▶ _Input for this task_:
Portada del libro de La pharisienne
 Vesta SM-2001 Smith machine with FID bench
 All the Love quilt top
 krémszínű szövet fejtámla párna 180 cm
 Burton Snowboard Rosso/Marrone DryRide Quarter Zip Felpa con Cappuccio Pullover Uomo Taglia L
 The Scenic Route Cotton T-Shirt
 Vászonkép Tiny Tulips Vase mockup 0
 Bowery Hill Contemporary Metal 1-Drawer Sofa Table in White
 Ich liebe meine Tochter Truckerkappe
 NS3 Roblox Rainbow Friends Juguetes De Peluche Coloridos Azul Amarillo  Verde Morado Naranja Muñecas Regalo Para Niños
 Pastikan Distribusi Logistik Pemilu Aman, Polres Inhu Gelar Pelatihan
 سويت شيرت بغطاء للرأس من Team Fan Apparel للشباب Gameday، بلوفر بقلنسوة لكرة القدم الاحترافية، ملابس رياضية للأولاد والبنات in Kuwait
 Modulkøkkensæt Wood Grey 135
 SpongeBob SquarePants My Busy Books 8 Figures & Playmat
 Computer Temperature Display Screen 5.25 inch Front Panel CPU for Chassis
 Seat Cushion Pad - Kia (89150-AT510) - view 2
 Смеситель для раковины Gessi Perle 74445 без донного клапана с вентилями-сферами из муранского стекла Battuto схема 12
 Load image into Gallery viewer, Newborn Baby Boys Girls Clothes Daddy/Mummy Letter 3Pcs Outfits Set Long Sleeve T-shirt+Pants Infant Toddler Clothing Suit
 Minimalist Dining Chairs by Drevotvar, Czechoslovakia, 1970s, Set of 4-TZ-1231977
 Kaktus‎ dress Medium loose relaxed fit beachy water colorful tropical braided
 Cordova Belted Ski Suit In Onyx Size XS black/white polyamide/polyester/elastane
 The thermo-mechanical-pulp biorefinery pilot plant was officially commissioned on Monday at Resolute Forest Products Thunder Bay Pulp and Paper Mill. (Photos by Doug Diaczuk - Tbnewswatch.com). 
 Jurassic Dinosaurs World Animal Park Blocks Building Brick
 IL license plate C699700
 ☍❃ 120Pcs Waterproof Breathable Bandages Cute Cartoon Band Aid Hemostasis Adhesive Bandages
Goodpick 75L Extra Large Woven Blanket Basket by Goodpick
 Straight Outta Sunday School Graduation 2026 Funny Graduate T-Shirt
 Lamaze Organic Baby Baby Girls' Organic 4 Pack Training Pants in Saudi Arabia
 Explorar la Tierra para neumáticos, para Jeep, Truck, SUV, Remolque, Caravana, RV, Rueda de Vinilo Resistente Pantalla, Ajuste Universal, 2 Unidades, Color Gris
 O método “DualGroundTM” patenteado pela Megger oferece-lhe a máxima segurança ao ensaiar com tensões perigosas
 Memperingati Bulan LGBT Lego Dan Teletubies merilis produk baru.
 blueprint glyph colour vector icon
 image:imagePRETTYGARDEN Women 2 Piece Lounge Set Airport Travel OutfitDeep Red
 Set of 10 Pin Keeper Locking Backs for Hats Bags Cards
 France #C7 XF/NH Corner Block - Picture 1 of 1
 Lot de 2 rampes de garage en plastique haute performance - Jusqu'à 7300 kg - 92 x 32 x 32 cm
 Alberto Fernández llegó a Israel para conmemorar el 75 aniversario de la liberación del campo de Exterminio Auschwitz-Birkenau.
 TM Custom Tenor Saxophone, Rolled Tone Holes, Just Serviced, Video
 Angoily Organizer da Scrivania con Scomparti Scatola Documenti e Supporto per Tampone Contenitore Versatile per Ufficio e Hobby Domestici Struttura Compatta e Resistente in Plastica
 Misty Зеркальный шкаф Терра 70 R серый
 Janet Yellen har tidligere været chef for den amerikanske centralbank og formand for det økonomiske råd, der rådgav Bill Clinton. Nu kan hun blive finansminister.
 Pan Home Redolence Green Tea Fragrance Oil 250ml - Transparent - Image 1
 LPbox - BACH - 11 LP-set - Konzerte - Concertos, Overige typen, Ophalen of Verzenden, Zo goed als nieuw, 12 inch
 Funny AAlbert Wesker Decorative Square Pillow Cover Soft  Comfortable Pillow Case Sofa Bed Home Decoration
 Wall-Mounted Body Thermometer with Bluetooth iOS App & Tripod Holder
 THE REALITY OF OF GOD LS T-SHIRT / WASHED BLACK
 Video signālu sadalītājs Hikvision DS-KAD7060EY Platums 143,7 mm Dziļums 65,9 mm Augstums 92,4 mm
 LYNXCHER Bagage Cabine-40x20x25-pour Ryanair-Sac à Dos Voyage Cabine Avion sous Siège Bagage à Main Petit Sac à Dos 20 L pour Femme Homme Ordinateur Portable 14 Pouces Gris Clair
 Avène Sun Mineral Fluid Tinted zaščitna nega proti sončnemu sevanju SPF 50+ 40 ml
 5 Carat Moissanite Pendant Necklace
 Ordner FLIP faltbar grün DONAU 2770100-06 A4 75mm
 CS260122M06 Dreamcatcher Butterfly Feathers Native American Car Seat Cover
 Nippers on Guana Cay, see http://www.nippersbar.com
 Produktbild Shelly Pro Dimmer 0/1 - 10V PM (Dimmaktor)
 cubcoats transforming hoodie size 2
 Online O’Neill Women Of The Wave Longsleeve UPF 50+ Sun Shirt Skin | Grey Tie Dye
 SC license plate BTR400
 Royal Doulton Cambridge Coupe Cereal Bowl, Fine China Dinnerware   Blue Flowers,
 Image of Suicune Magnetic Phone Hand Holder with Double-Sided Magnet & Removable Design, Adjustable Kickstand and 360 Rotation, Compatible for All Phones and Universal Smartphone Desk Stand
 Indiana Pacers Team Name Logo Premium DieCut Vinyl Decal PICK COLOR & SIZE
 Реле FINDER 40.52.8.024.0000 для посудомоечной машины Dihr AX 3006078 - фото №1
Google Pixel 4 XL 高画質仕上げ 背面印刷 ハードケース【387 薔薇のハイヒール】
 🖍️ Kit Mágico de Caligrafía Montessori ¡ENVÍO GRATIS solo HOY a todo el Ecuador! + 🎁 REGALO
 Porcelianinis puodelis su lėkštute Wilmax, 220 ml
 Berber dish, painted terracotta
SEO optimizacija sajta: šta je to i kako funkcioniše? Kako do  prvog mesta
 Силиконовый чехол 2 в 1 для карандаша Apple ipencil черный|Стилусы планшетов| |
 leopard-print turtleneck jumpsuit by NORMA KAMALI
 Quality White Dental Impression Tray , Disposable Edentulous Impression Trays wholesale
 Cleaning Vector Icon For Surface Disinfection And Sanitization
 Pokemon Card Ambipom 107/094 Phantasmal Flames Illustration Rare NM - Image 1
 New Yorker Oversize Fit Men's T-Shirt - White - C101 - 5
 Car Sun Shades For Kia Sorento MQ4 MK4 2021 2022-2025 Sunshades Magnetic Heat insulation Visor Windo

▶ _Task directions_:
Go line by line through the material above and return each one that includes "Cover".

▶ _Response area_:
 Funny AAlbert Wesker Decorative Square Pillow Cover Soft  Comfortable Pillow Case Sofa Bed Home Decoration
 CS260122M06 Dreamcatcher Butterfly Feathers Native American Car Seat Cover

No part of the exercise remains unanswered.